Rails 4 Nested Select Query Using ActiveRecord

Just skip to the last part if you are in a rush 😉

Last year I did an upgrade for a legacy Rails website, from version 3.2 to 4.2. One daunting task was to upgrade the ActiveRecord RubyGem since the API changed drastically in the new release. Luckily there was a RubyGem built specifically for preserving the functionality using the deprecated API, at least for now. To prepare for the inevitable, I want to write down some of the changes made recently for future reference so I don’t have to search through the documentation and Stackoverflow again.

What’s the problem?

We have a method that returns a report that aggregates on some data. 7 years ago when this application was built, there wasn’t much data so this was fine but now the report won’t load for an obvious reason: the performance of the query to calculate col2 was so bad given the current data volume. Therefore, we have to optimize it.

def self.get_summary(params)
  params[:fields] = [
	  "column1 as col1",	
      "GROUP_CONCAT(DISTINCT(column2) ORDER BY colum2 SEPARATOR ',') as col2",
      "sum(column3) as col3"]
  args = parse_params(params)
  self.find(:all, :select => args[:select],
		    :condition => args[:conditions],
		    :group => 'col1',
		    :from => "#{self.table_name}")
end
Rails 3 query ActiveRecord style

The above Rails code translate to the following SQL query:

select 
    colum1 as col1,
    GROUP_CONCAT(DISTINCT(column2) ORDER BY column2 SEPARATOR ',') as col2,
	sum(column3) as col3
from table1
where lastUpdatedDate between '20XX-01-XX' and '20XX-02-XX'
AND (column3 <> 0)
GROUP BY col1;
Rails 3 query in SQL

What’s the solution?

We decided to use a nested query to group by both the col1 and column2 first and select from that result:

select 
    col1,
    GROUP_CONCAT(DISTINCT(column2) ORDER BY column2 SEPARATOR ',') as col2,
	sum(col3)
from (
	select 
		colum1 as col1,
		column2,
		sum(column3) as col3
	from table1
	where lastUpdatedDate between '20XX-01-XX' and '20XX-02-XX'
	AND (column3 <> 0)
	GROUP BY col1, column2;
) a
GROUP BY col1;
Optimized query

Works like a charm except that I’m having problem translate this back to Rails code since I haven’t worked with these Rails code for almost a year now. I did some research but couldn’t find any straight answers to my question so I had to switch to trial and error by composing different API combinations and comparing the logged query with the desired one.

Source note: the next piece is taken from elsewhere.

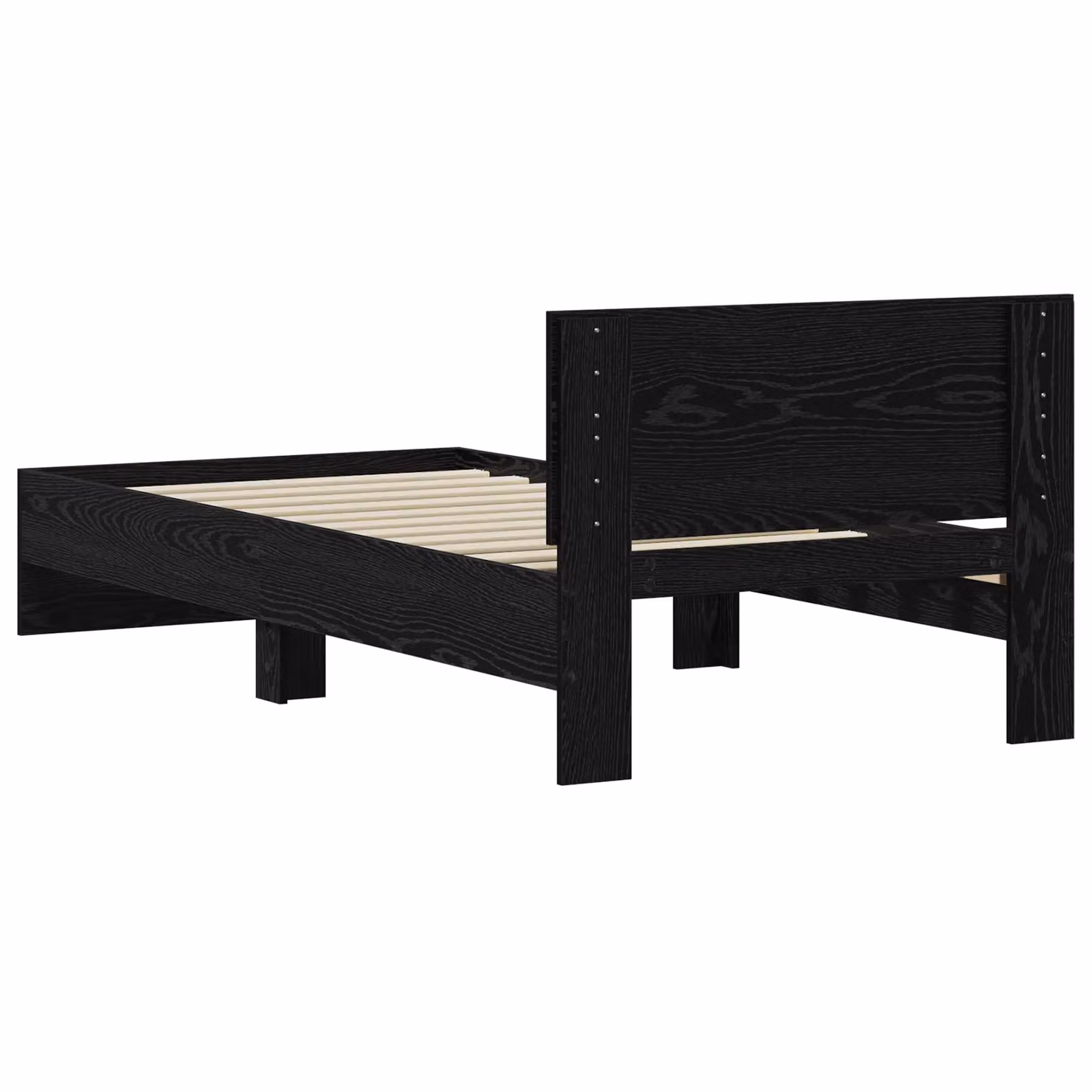 Berkfield Home Modern Black Oak Bed Frame with Headboard, W/D/H: 190 x 75 x 31 cm – 4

It turned out this one page in the documentation has all you need but you need to be creative to combine them.

Here’s how

  • find all with :select can be replaced by the new .select() API.
  • :conditions can be replaced by .where() API.
  • :group can be replace by .group() API.
  • :from can be replaced by .from() API.

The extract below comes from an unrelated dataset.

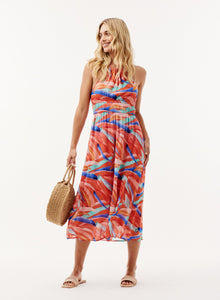 Sleeveless Elastic Waist Midi Dress | Paradiso Print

The nested part took me some time to figure out. It turned it’s just the .from() API.

def self.get_summary(params)
	# nested inner query fields.
	params[:fields] = [
	  "column1 as col1",	
      "column2",
      "sum(column3) as col3"]
	args = parse_params(params)
	nested_query_result = self.select(args[:select])
	                          .where(args[:conditions])
	                          .group('col1, column2')
	# outer query select columns.
	params[:fields] = [
		"col1",
		"GROUP_CONCAT(column2 ORDER BY column2 SEPARATOR ',') as col2",
		"sum(col3)"]
	args = parse_params(params)
	results = self.select(args[:select])
	              .from(nested_query_results)
	              .group('col1')
	return result
end

In summary, just do the normal select for the inner query and save the result into a variable inner_result. Then pass it to the outer query’s .from() API.